Current silicon-based computers, even old ones, often think faster than humans in specific domains (e.g., calculators). We need substrates inherently slower than human cognition. Potential candidates include:

  • DNA Computers: Utilizes biological molecules, specifically DNA, to perform computations through biochemical reactions.

  • Chemical Computers (like Belousov-Zhabotinsky (BZ) Reaction Computers): The BZ reaction is a classic example of a non-equilibrium thermodynamic process that exhibits oscillating chemical reactions. This system can be used to perform logical operations by interpreting the oscillations as computational signals.

  • Enzyme-based Computers: These systems use enzymes to catalyze reactions that can represent and process information. The reaction rates and outcomes can be controlled to perform computations.

  • Membrane Computers (P Systems): This paradigm uses biological membranes to compartmentalize chemical reactions. The transport of molecules across membranes can simulate computational steps.

But how do we build it?

Training an AI on a slow substrate might present unique challenges. Initially, we might need to bootstrap the training process on modern, fast hardware before transferring the developed AI to a slower substrate to finalize its development.
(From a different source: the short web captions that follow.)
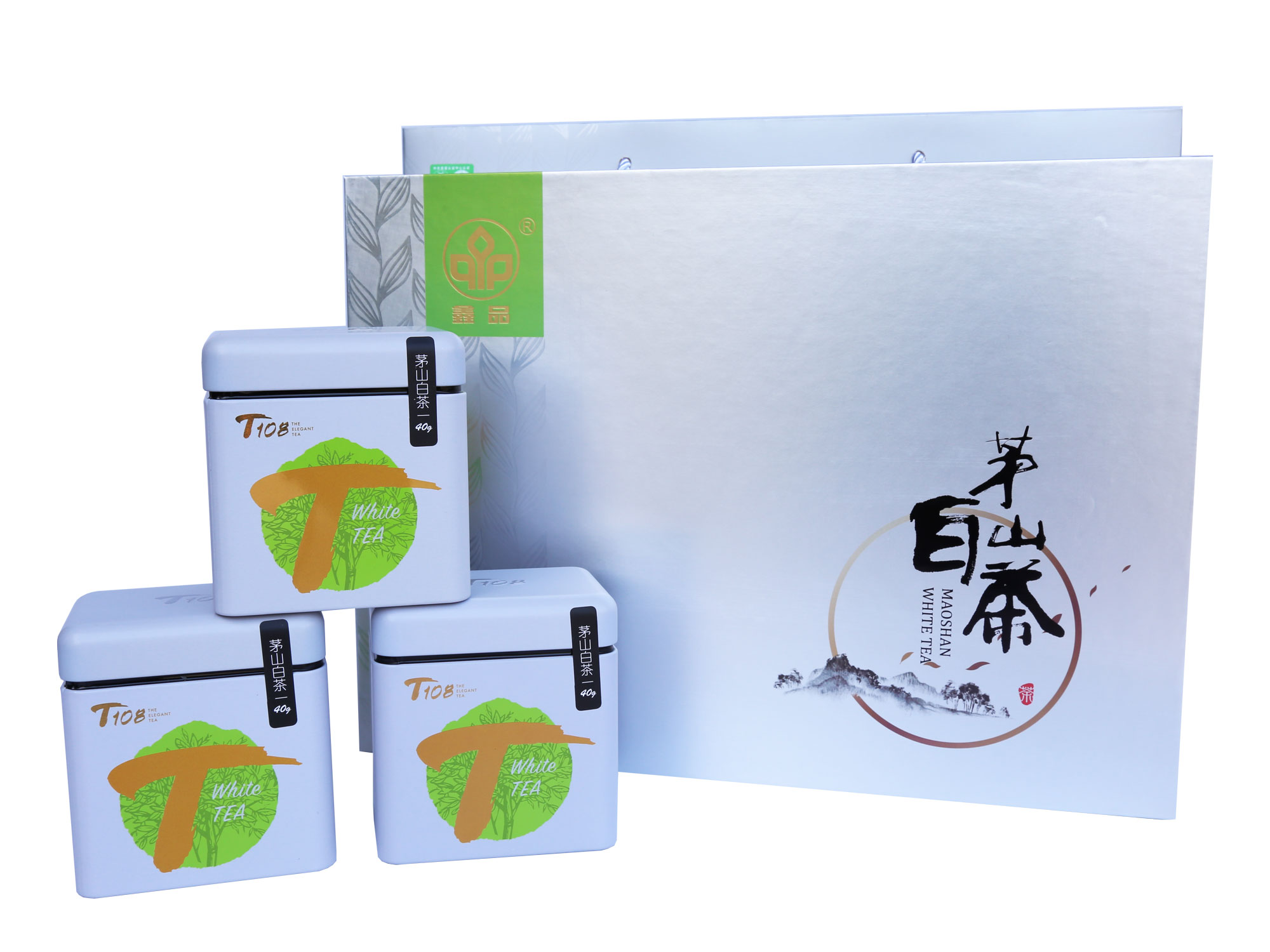 茅山白茶【特級(jí)】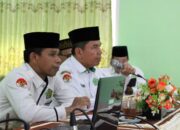 Gerak Cepat Dukung Program Prioritas Pemerintah, Kakankemenag Pariaman Tindaklanjuti SE Menag 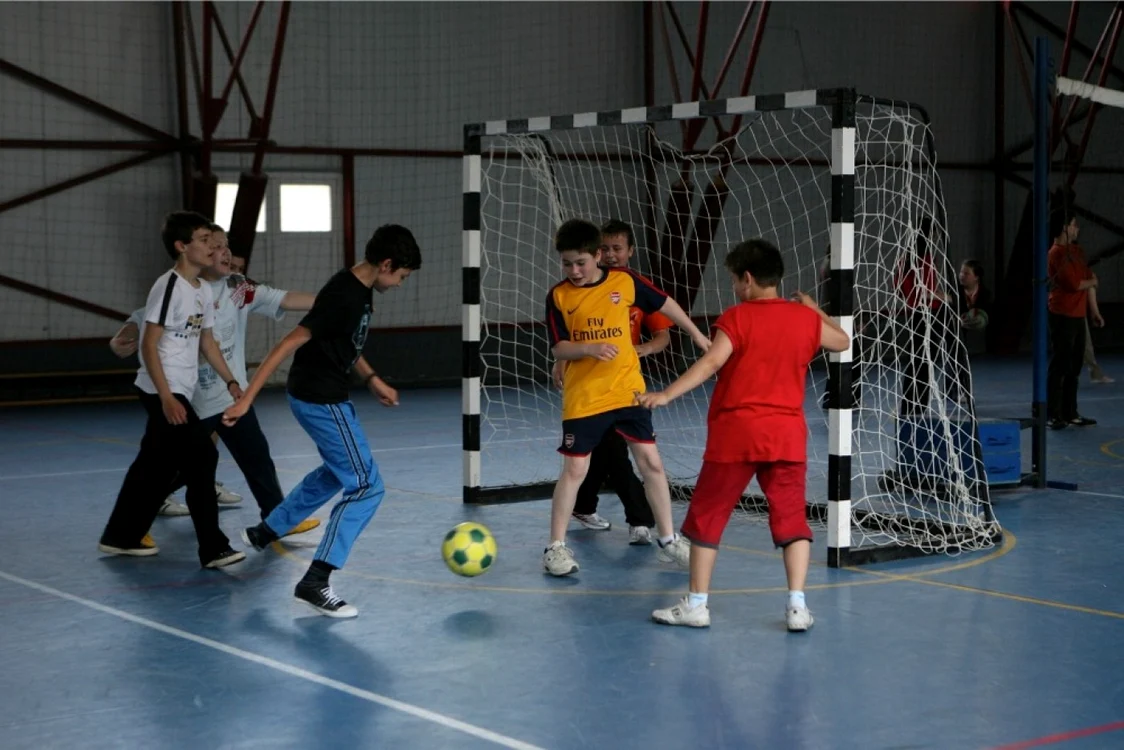 Preocuparea pentru sport este cumva, ca în atâtea cazuri, doar clamată la nivel guvernamental?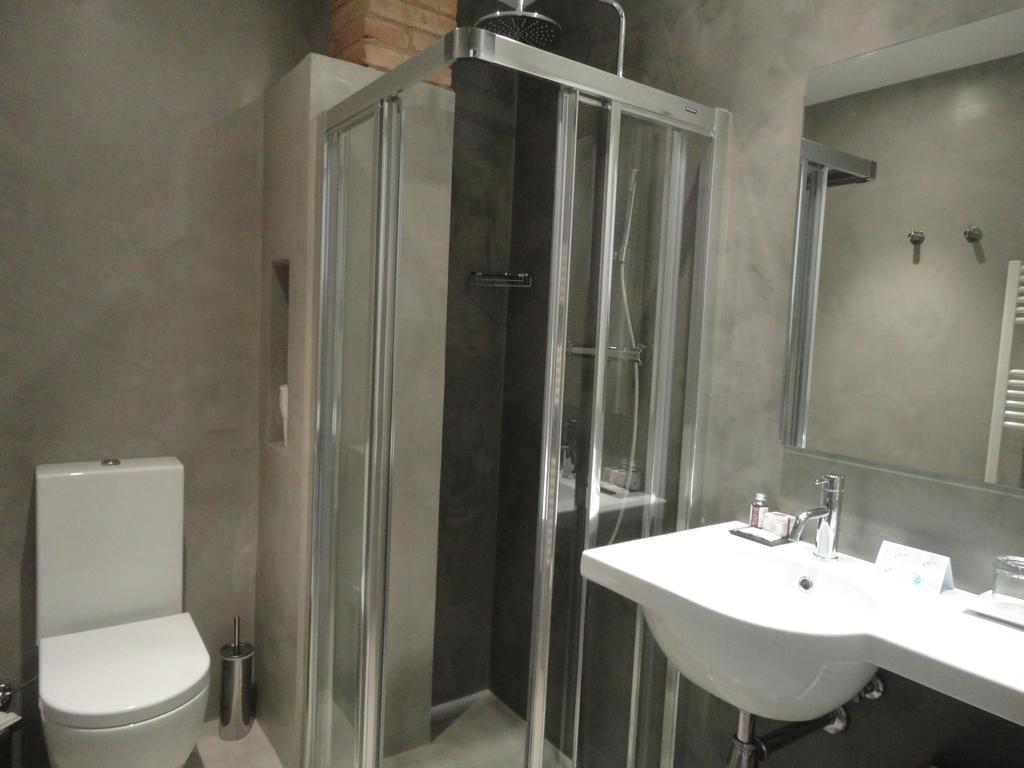 Hotel Rural Cal Torner Adults Only Guiamets Buitenkant foto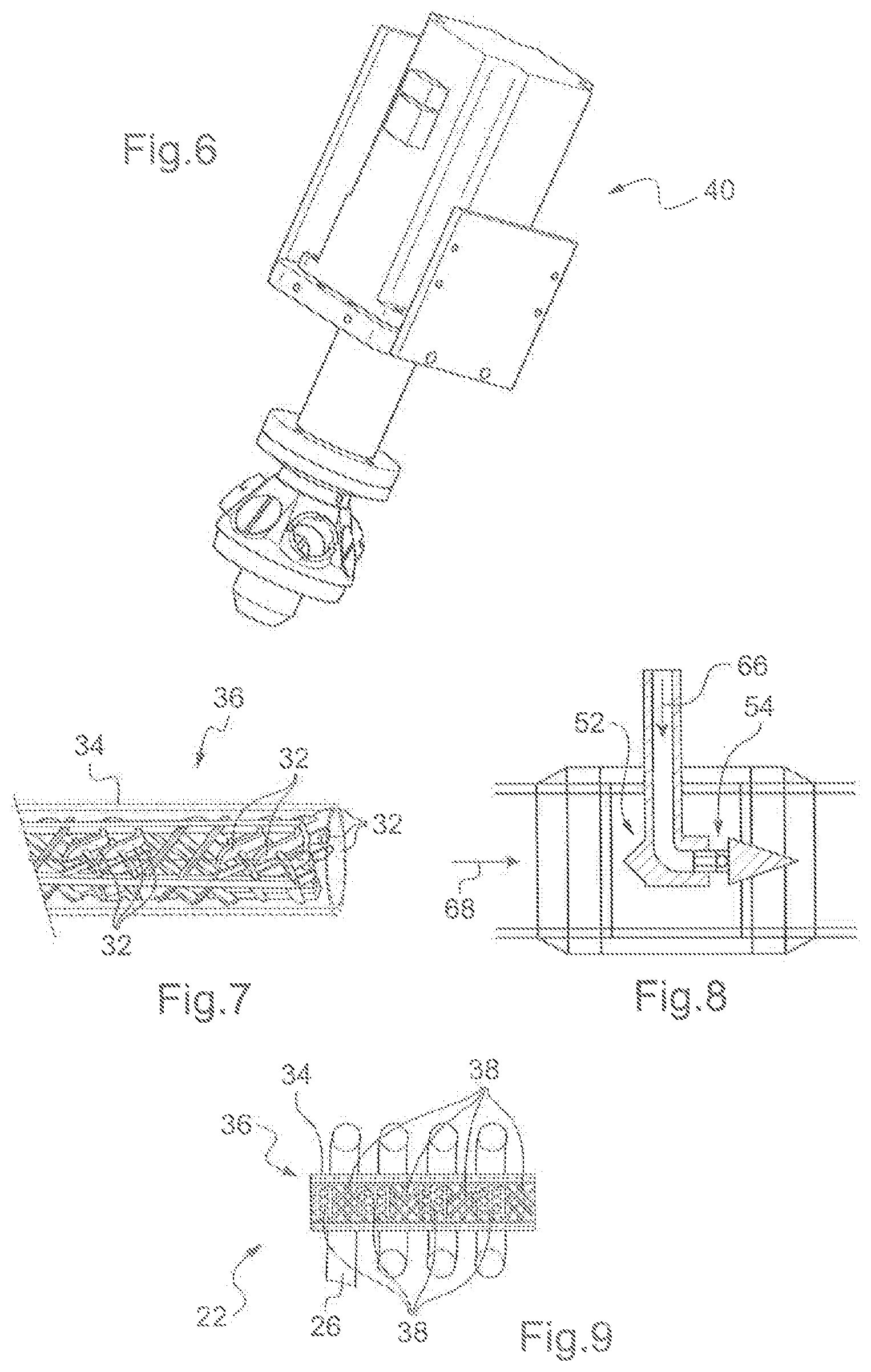 Patent US12378440 Figure 2 – Process for hot application of a silylated adhesive composition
This phased approach could ensure efficient and effective training while mitigating the risks associated with training and evaluating powerful models.

tl;dr

The main idea is that by adopting slower computing substrates for AI, we could create a controllable environment to develop and evaluate superintelligence.

I wrote this post in order to wonder-out-loud; my hopes are that somebody has thought of this and can point me to rebuttals or previous explorations on this topic. Perhaps I’ve missed something obvious. Let me hear it.